US banks surged after they all passed the second round of the Federal Reserve’s stress test, and that allowed the finance houses to increase their capital returns to shareholders, in the form of higher dividends and stock repurchase programmes.

JPMorgan Chase, Citi Group, Wells Fargo, State Street and Morgan Stanley were quick to hike their dividends, and they helped the S&P 500 register its largest one-day gain in two months.

Due to the reforms brought in after the credit crisis, Fed chief Janet Yellen believes we will not see a repeat of a banking crisis in our lifetime. Ms Yellen optimistic in her outlook for the US economy ahead of the final growth domestic product numbers, released at 1.30pm (UK time). The consensus is for 1.2% growth.

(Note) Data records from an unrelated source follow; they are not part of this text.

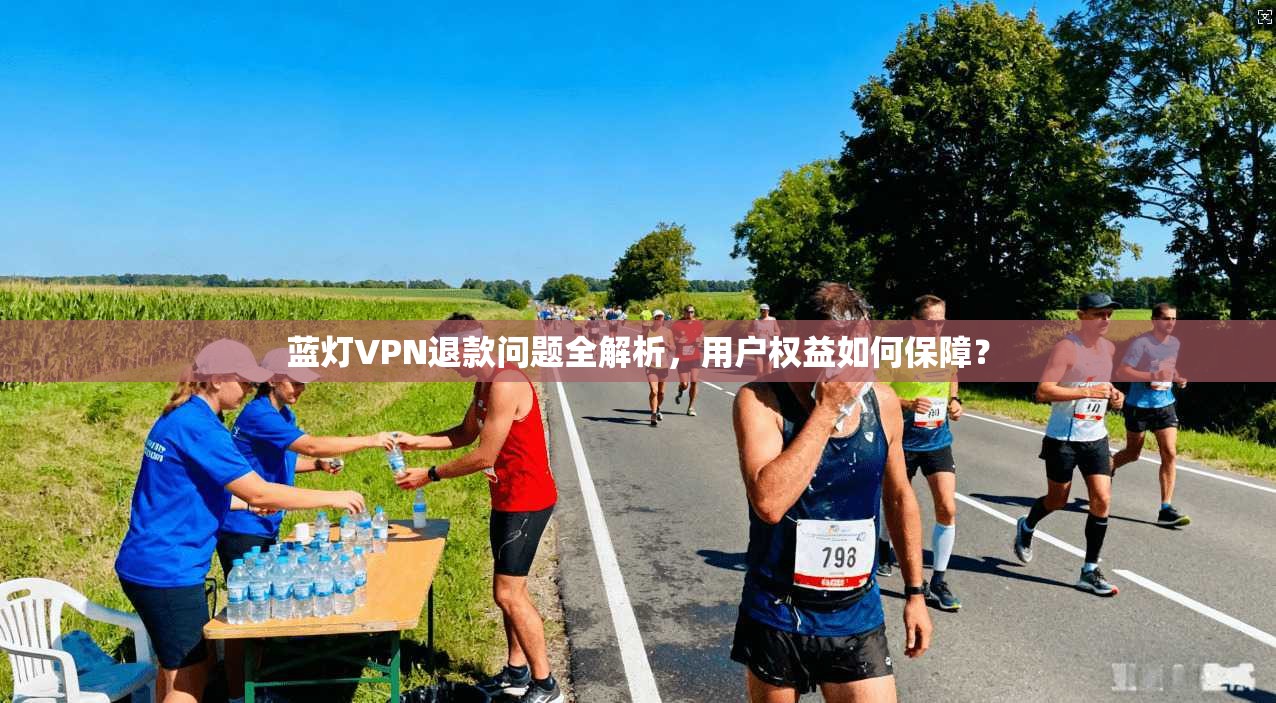 蓝灯VPN退款问题全解析，用户权益如何保障？  第1张
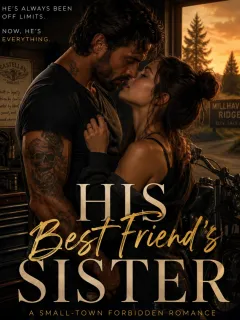 His Best Friend's Sister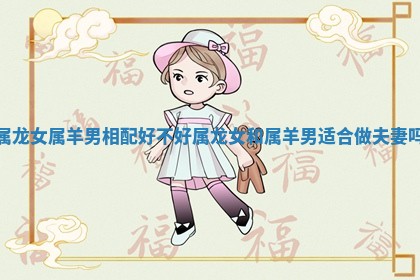 属龙女属羊男相配好不好_属龙女和属羊男适合做夫妻吗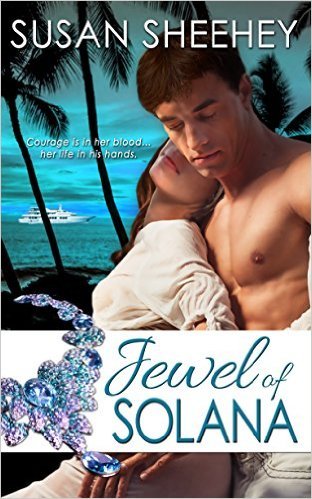 Jewel of Solana by Susan Sheehey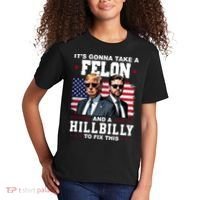 Its Gonna Take A Felon And A Hillbilly To Fix This Pro Trump Vance Kids T-Shirt thumb 2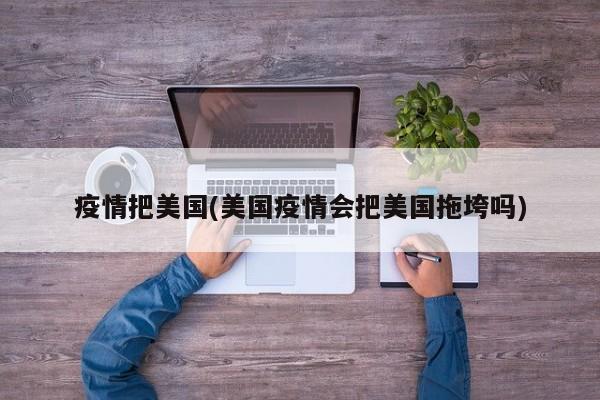 疫情把美国(美国疫情会把美国拖垮吗)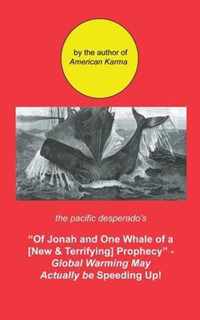 Of Jonah and One Whale of a New and Terrifying Prophecy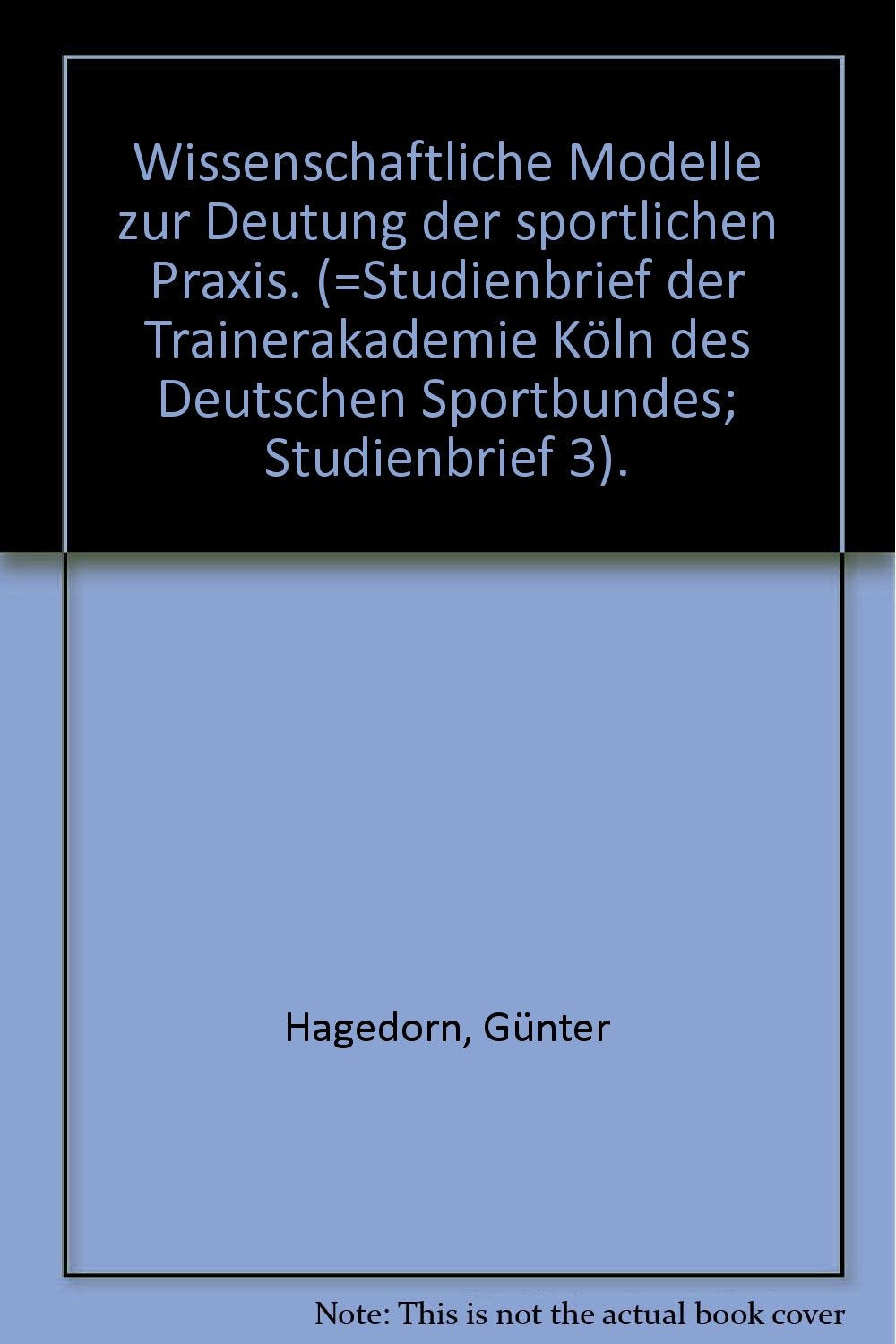 Wissenschaftliche Modelle zur Deutung der sportlichen Praxis. (=Studienbrief der Trainerakademie Köln des Deutschen Sportbundes; Studienbrief 3). book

The European Central Bank was forced to clarify its position, as the institution felt the financial markets misinterpreted Mario Draghi’s comments. The ECB president mentioned that reflationary forces had replaced deflationary ones, and dealers took it as a veiled signal the central bank would reconsider its very loose monetary policy. In fact, the ECB wanted the markets to know that its current policy was working well and it would remain in place for the foreseeable future.

Mr Draghi anticipates inflation to cool in the region over the next few years. Italy’s preliminary CPI report for June came in at 1.2%, and the market was expecting 1.3%, and that compares with May’s reading of 1.4%. At 1pm, Germany will release its June preliminary CPI report, and economists are expecting a reading of 1.4%, down from 1.5% in last year.

The ECB wasn’t the only central bank sending a clear message to the market. The Bank of England governor, Mark Carney, mentioned the possibility of removing some of the stimulus package. This is in stark contrast to his speech last week when he hinted that interest rates won’t be rising anytime soon. The weak pound is playing a role in the UK’s rising inflation, and if sterling picks up we could see inflationary pressure cool.

Brent Crude oil and WTI soared even though the Energy Information Agency (EIA) revealed that US oil inventories rose by 218,000 barrels, while the market was expecting a draw of 2.5 million barrels. The previous day, the American Petroleum Institute (API) showed that stockpiles increased by 851,000 barrels so traders were given a heads up that we could see an increase in inventories in the EIA report. US oil production on the week fell by 100,000 barrels per day to 9.3 million barrels per day. Last week, US oil production was 9.4 million barrels per day – its highest level since August 2015.  The dip in US production would have been a contributing factor to the squeeze higher in the price.

Looking at the bigger picture, demand for oil from major industrial economies like China and India is declining, and production from Nigeria and Libya is increasing, and this will continue to fuel the fears of over-supply in the oil market.

Forex snapshot

EUR/USD – yesterday the currency pair surged and support can be found at 1.1328. If the support at 1.1328 holds, the resistance at 1.1428 and 1.1495 will be the next prices to watch. A drop back below 1.1328 could see it return to 1.1300 and 1.1220.

GBP/USD – ran into resistance at 1.2977, a break above it would put 1.3047 on the radar. If it fails to clear the resistance at 1.2977, we could see it fall back to the 50-day moving average at 1.2863 and 1.2716 is the next support level.

EUR/GBP – 0.8770 is providing support and if the levels holds, bulls will be looking to 0.8820 and 0.8880. A break below 0.8770, would bring the support at 0.8738 into play.

USD/JPY – the 100-day moving average at 111.80 is acting as support, and bulls will be looking to the resistance at 112.46 and 113.00. A move below the 100-day moving average at 111.80 will put the 200-day moving average at 111.13 into sight, and 110.30 is the next support level.